Vorticism fizzled out as the carnage of the First World War became a reality, the romance of mechanisation receded and many of its members were recruited to the war effort, including Saunders, in an office role, and notably Gaudier-Brzeska, who wrote a piece from the trenches for the second edition of Blast shortly before being killed.

Born in 1885, into a well-to-do family in Ealing, Saunders studied art at the Slade and the Central School of Arts and Crafts, and exhibited alongside artists from the Bloomsbury Group, including Roger Fry, Duncan Grant and Vanessa Bell.

Although Saunders continued to make work after the war, she took a step back from the art world in a kind of “self-imposed isolation”, according to her descendant, Brigid Peppin, “rejecting professional groupings”. She continued to make work, but in a style harking back to the Post-Impressionists that she admired, in particular Paul Cézanne. The French artist painted several landscapes around L’Estaque, in the south of France, and four watercolours from the 1920s made when Saunders visited the village are in the show, including a geometric painting of Cézanne’s house.

The 18 works in this small show remained in Saunders’s family after her death in 1963 before being donated to the Courtauld in 2016 by Peppin.
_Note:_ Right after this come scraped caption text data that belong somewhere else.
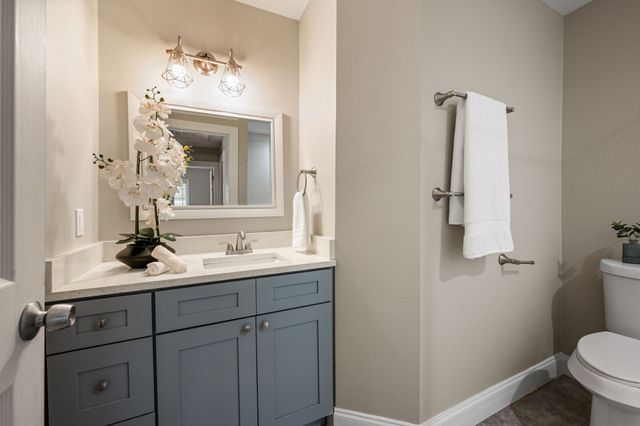 609 W Inwood Drive, Arlington, TX 76010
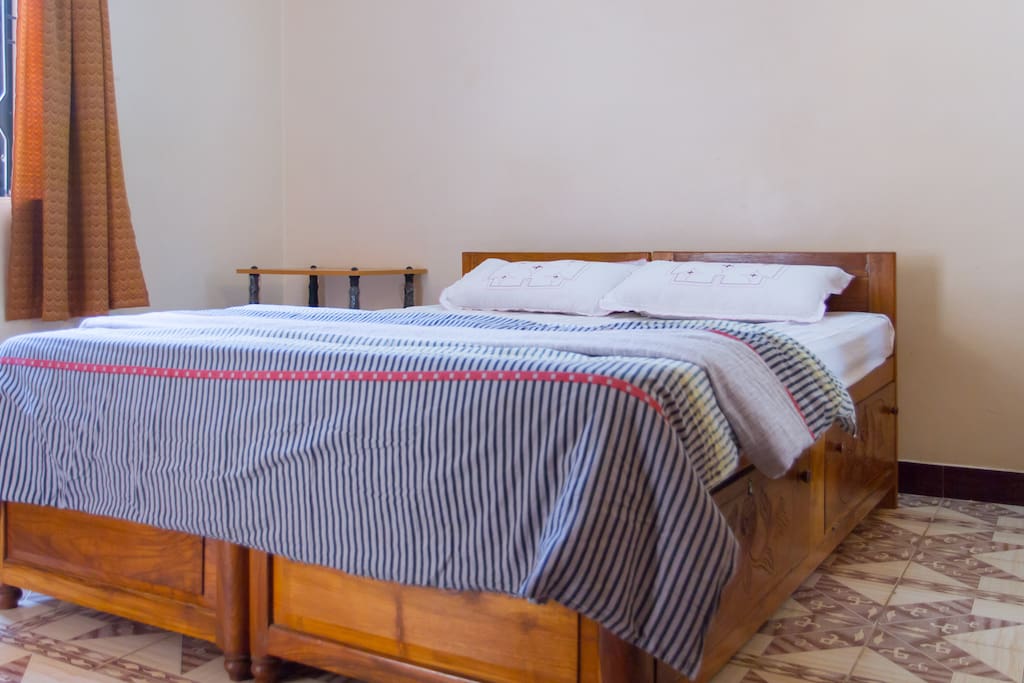 Double Bed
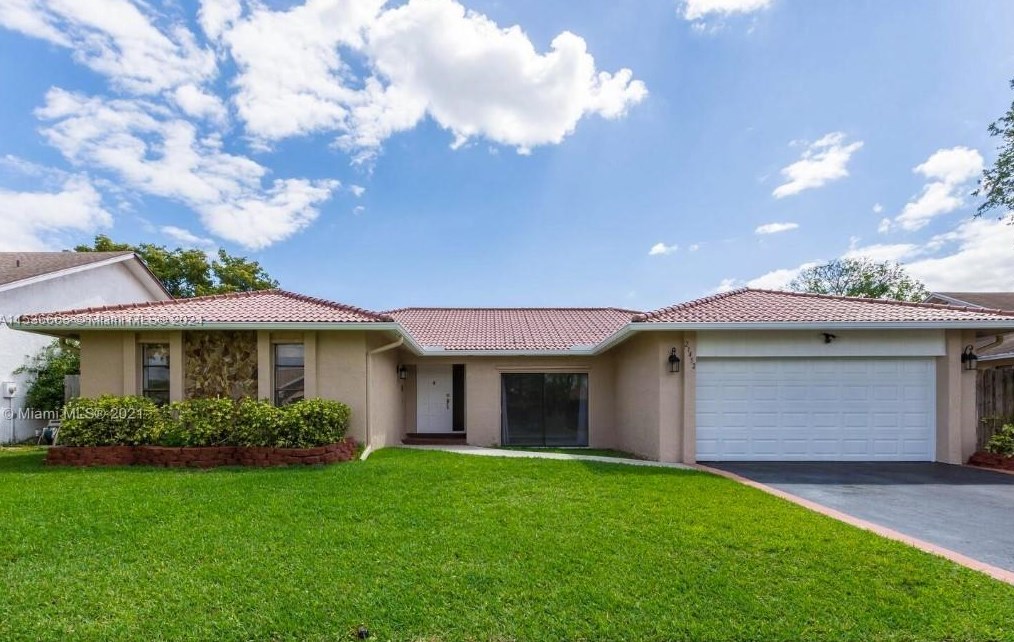 21452 Woodchuck Ln, Boca Raton, FL 33428-2620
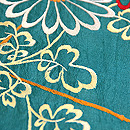 青緑地菊の刺繍帯 質感・風合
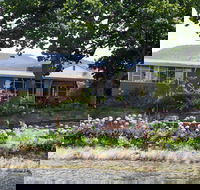 Waterside Accommodation - Derwent Hideaway - Holiday Adelaide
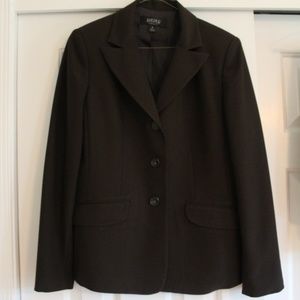 Dark Brown Kasper Suit Size 8 Jacket, Size 10 Pant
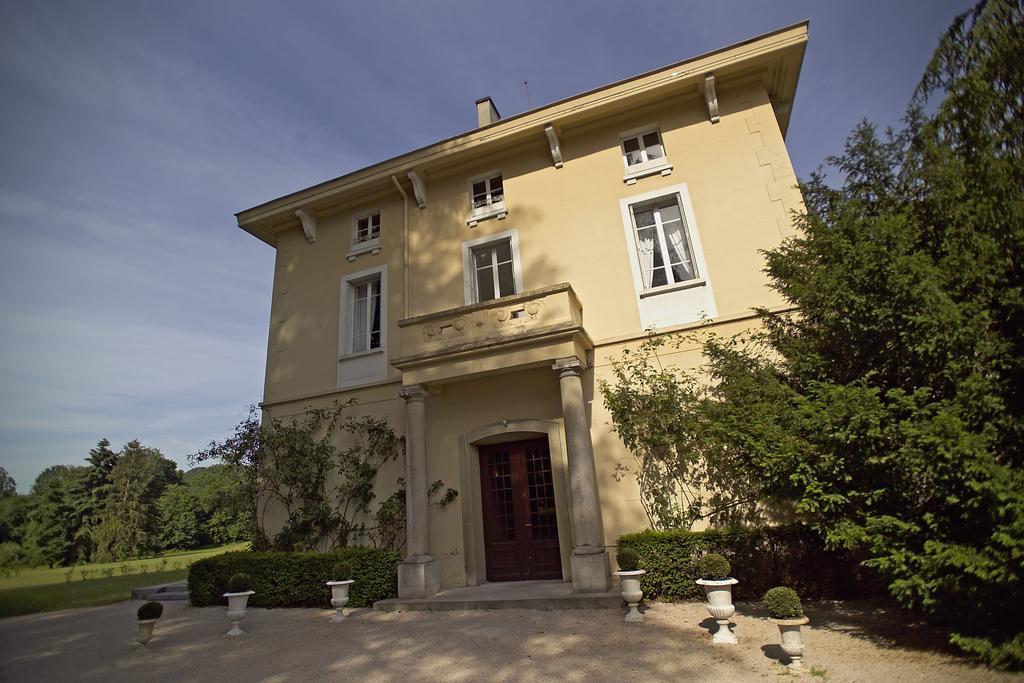 Hotel Domaine Des Sequoias - Les Collectionneurs à Ruy-Montceau Extérieur photo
There have been few exhibitions of the artist’s work since the end of the First World War, a notable exception being a survey at Oxford’s Ashmolean Museum in 1996. “The disappearance of much of Saunders’s early work and the dearth of biographical information has hampered research and obstructed arguments for the artist’s centrality to the Vorticist project,” writes the art historian Jo Cottrell in the catalogue. But recently there has been renewed interest, with her work being included in two group shows: Radical Women at Chichester’s Pallant House Gallery (alongside her fellow female Vorticist, Jessica Dismorr) in 2019; and last year’s Women in Abstraction at the Centre Pompidou in Paris. J.S.

British Museum © The Trustees of the British Museum

Hieroglyphs: Unlocking Ancient Egypt, British Museum

13 October-19 February 2023

A major exhibition opening today at the British Museum offers a tale of loot, bitter scholarly rivalry, sex and magic. Hieroglyphs: Unlocking Ancient Egypt has as its centrepiece the Rosetta Stone, one of the world’s most famous museum objects, and explores the race between French scholar Jean-François Champollion and English polymath Thomas Young to decode its ancient symbols. Meanwhile, conservators will work during the exhibition on ‘The Enchanted Basin’ sarcophagus, believed for centuries to be a magic bath curing the pains of love; the British in Egypt later built a venereal disease hospital on the spot where it was found. The exhibition will include loans from many international museums and scholarly institutions—but none from Egypt. The peppery former Egyptian antiquities minister Zahi Hawass has used the exhibition as an opportunity to demand the return of the Rosetta Stone; its story is not over yet. M.K.